WORK TASK
The answer must be the lines from the one that holds "Used 2021 Chevrolet" through the final line of the data, copied exactly, with no pictures.

DATA SUPPLIED Block Start

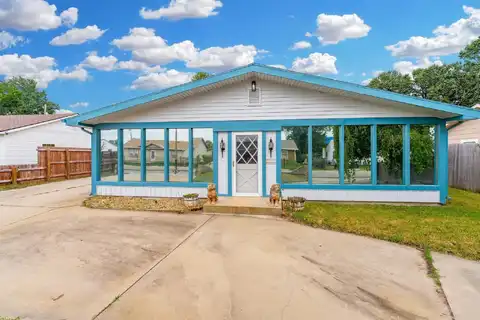 4592 S Juniper St, Wichita, KS 67216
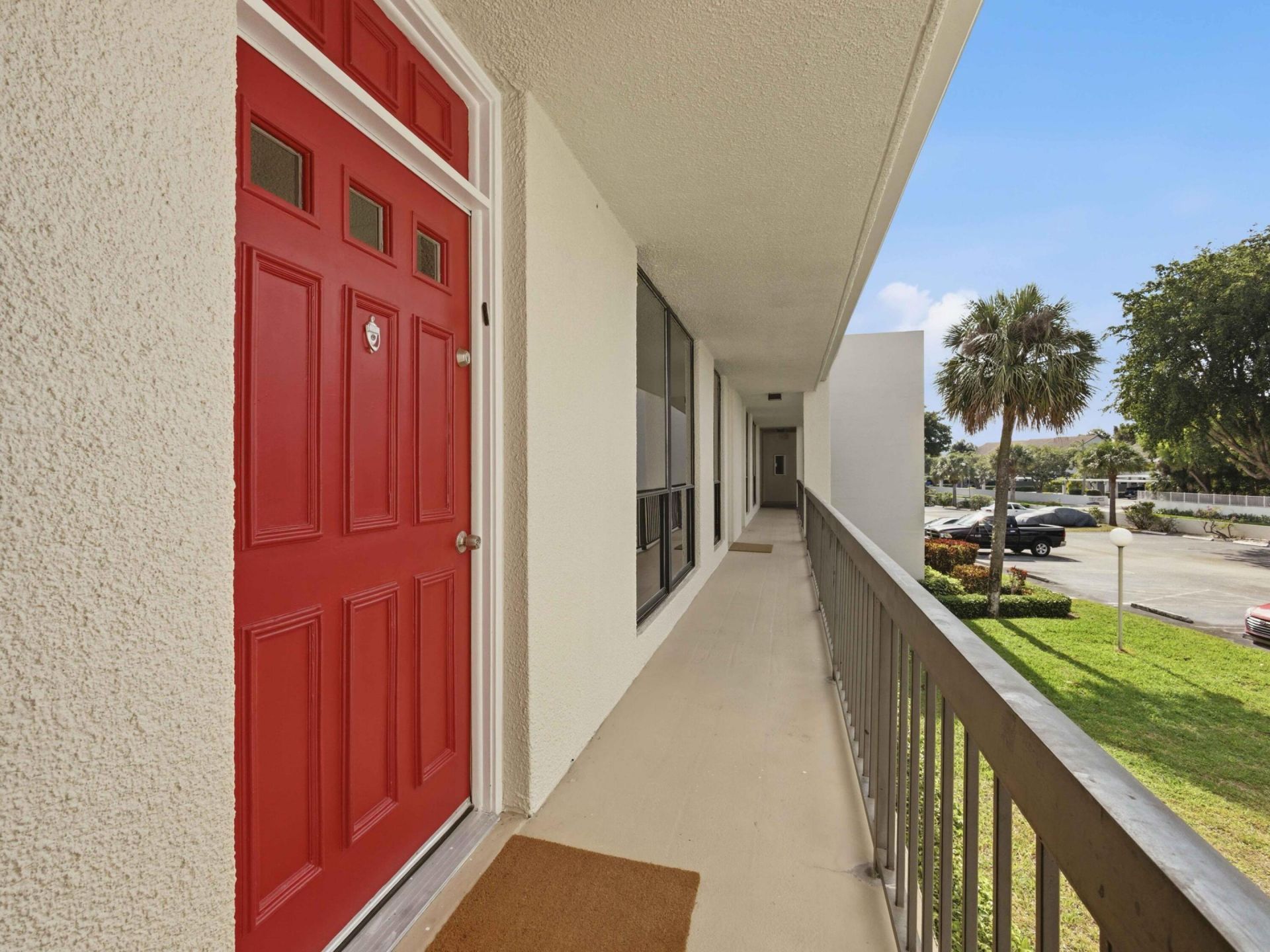 2520 Presidential Way, Unit 203, West Palm Beach, FL 33401 Photo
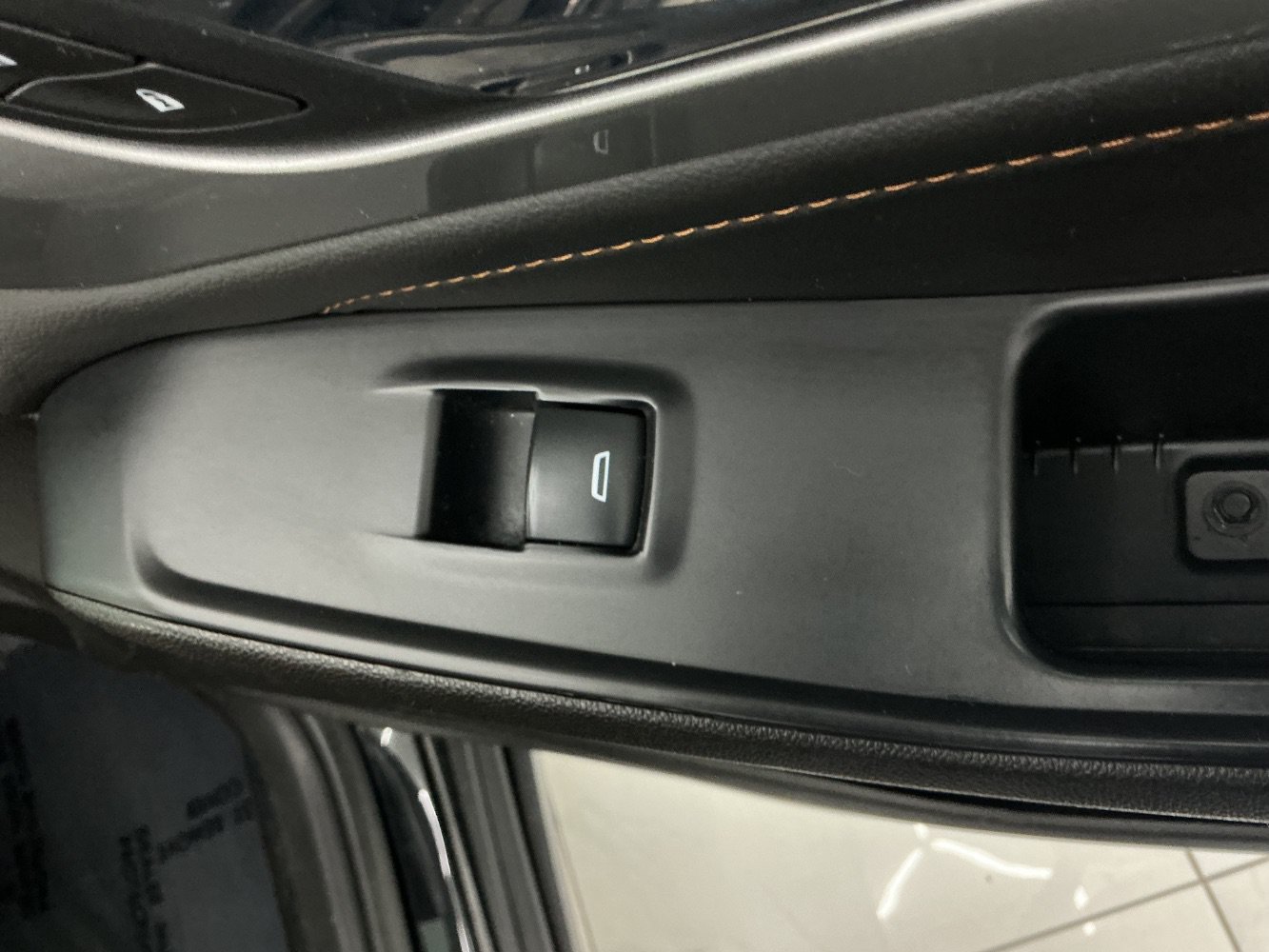Used 2021 Chevrolet Traverse LS AWD/4WD image 38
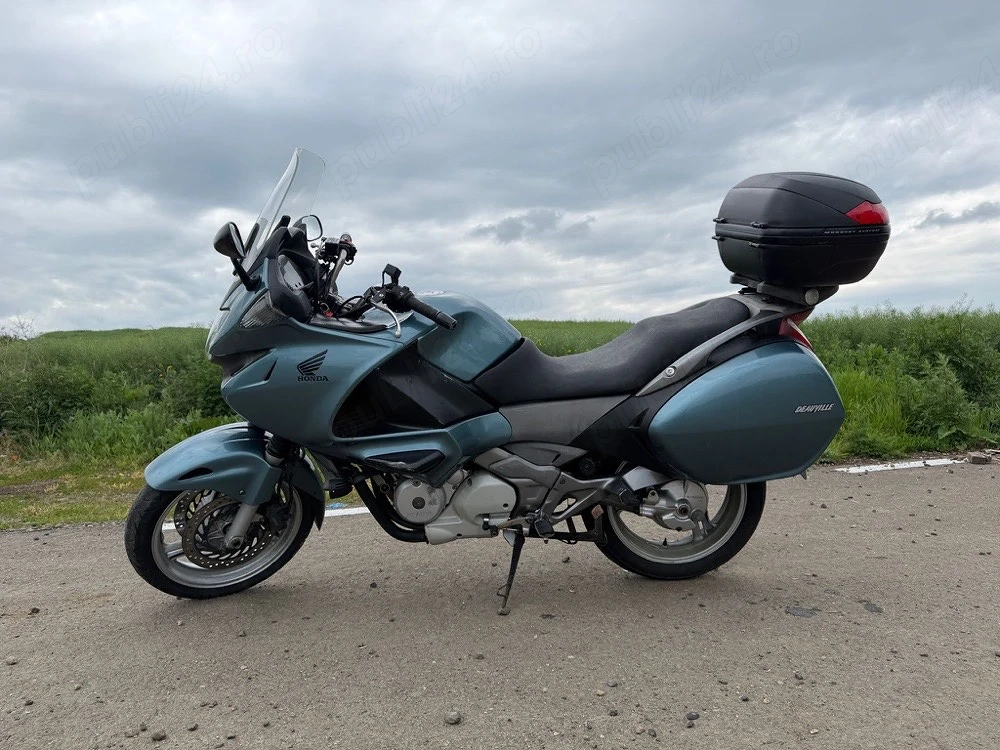 Honda Deauville NT 700 V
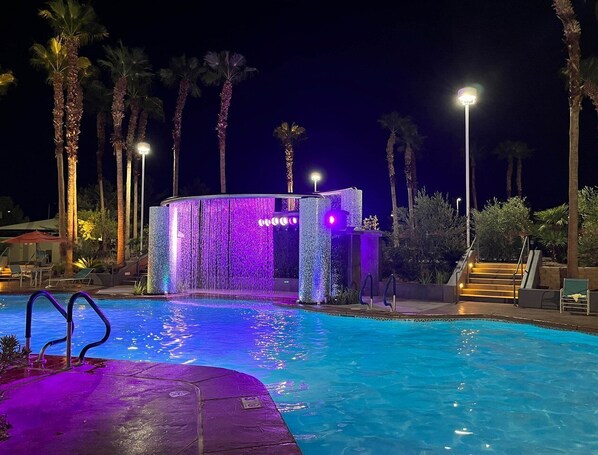 Pool - No Resort Fees. Adjacent casino with restaurants/movie theater/bowling alley. (Las Vegas)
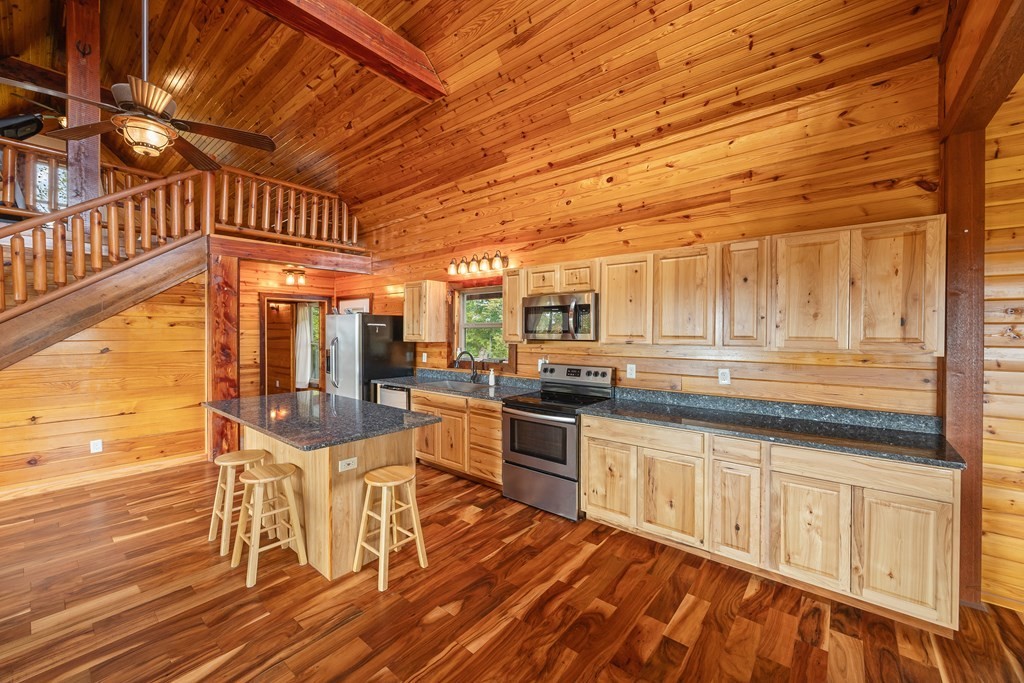604 Hickory Lane Hilham TN 38568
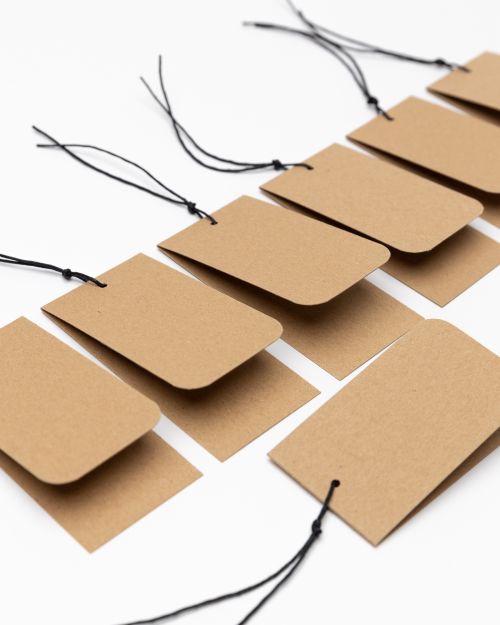 dovanu pakavimo etiketes kraftinio popieriaus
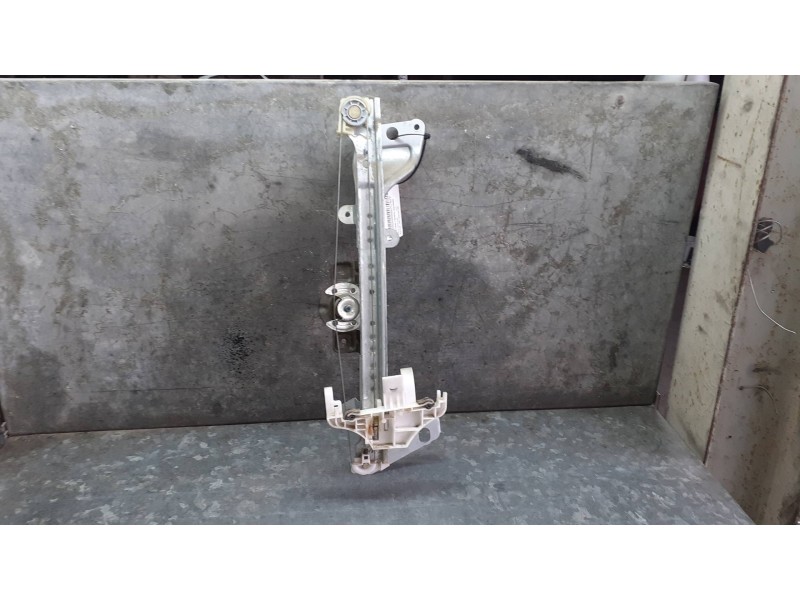 Recambio de elevalunas trasero izquierdo para ford fusion (cbk) referencia OEM IAM 2N11N27001AN  MANUAL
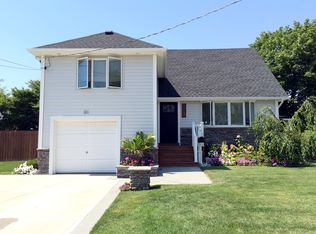 2822 Riverside Ave, Merrick, NY 11566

DATA SUPPLIED Block End

ANSWER TO THIS TASK
Used 2021 Chevrolet Traverse LS AWD/4WD image 38
 Honda Deauville NT 700 V
 Pool - No Resort Fees. Adjacent casino with restaurants/movie theater/bowling alley. (Las Vegas)
604 Hickory Lane Hilham TN 38568
 dovanu pakavimo etiketes kraftinio popieriaus
 Recambio de elevalunas trasero izquierdo para ford fusion (cbk) referencia OEM IAM 2N11N27001AN  MANUAL
 2822 Riverside Ave, Merrick, NY 11566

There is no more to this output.